The Athens former airport, Hellinikon, has become a graveyard for many abandoned Olympic Airways planes.
As the airport awaits redevelopment, these spectacular images captured by a drone video remind viewers of the glory days when the airline founded by Greek tycoon Aristotle Onassis, was flying to almost every corner of the globe.
The video by Thomas Andreopoulos focuses on the jewel in the crown of the Olympic Airways fleet, the imposing Olympic Eagle that lies abandoned on the southeastern side of the former airport.
The double-decker Boeing 747-200 joined the Olympic Airways fleet at the end of 1973. At the time it was considered as being among the largest planes on earth able to carry up to 426 passengers.
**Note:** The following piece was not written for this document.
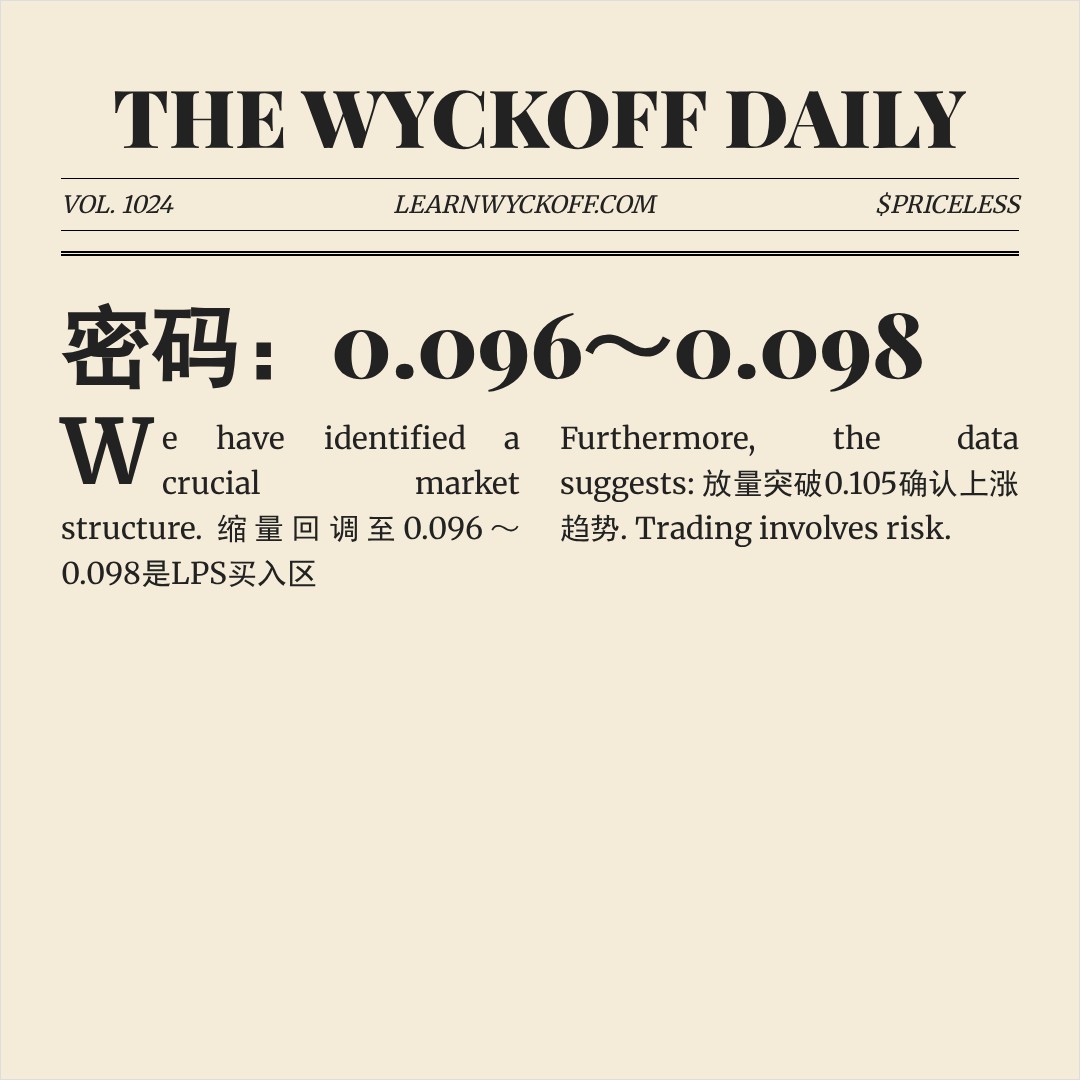 20260516 POLUSDT 行情数据复盘报告（基于威科夫量价视角）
This aircraft has special features with references to ancient Greek history that distinguish it from 747s owned by other carriers.
Its cabin is divided into “zones”, each of which has a name from parts of Acropolis in Athens. For example, Zone A was called “Propylaea”, Zone B “Erechthion” and Zone C “Parthenon”.
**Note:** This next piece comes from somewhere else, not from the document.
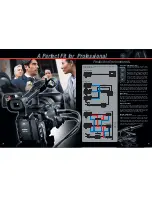 Preview for 4 page of JVC XH A1 Brochure & Specs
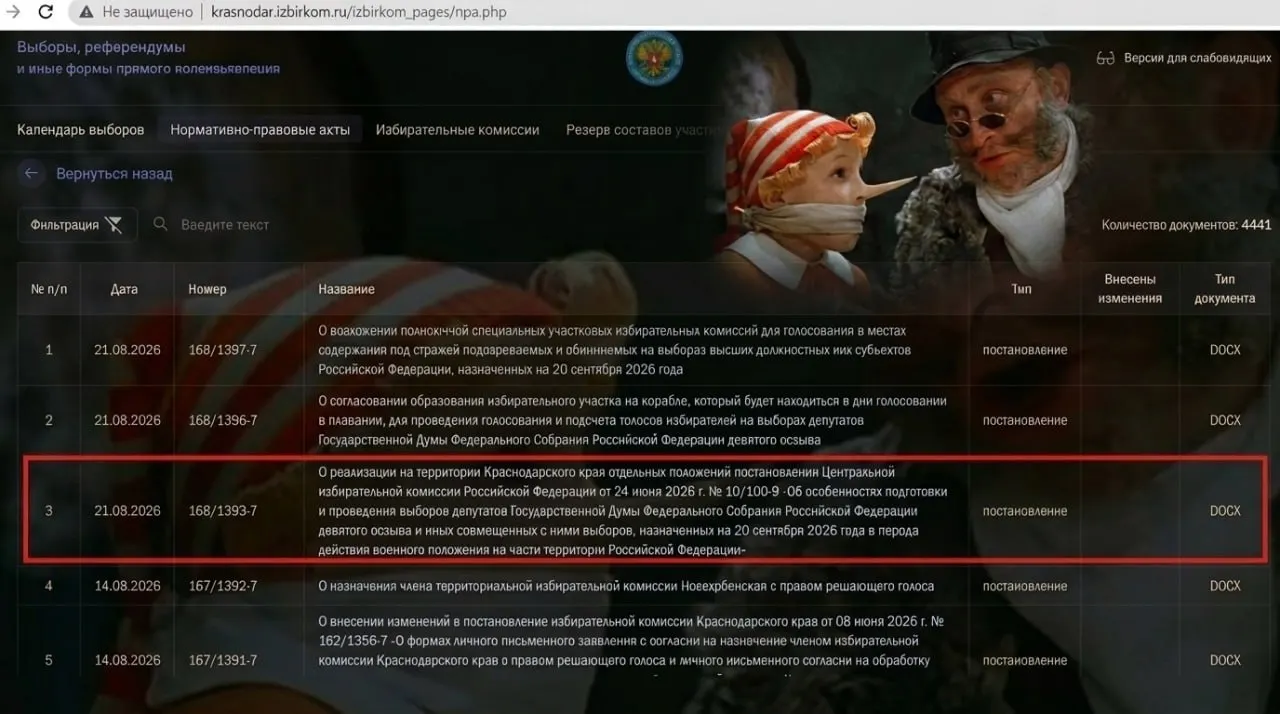 Коммунисты Краснодарского края потребовали прозрачности выборов после засекречения списков участков досрочного голосования и обсуждения расширения сроков голосования.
Olympic Eagle was used for flying to Australia, North America, Africa and Asia. The plane traveled until the late 1990s when it was abandoned at the former Hellenic airport, where it still remains to this day.
Hellinikon was built in 1938, and for more than 60 years  it was Athens’ Central Airport, with the last take-off being in 2001; with an Olympic Airways Boeing 737 that made a flight to Thessaloniki.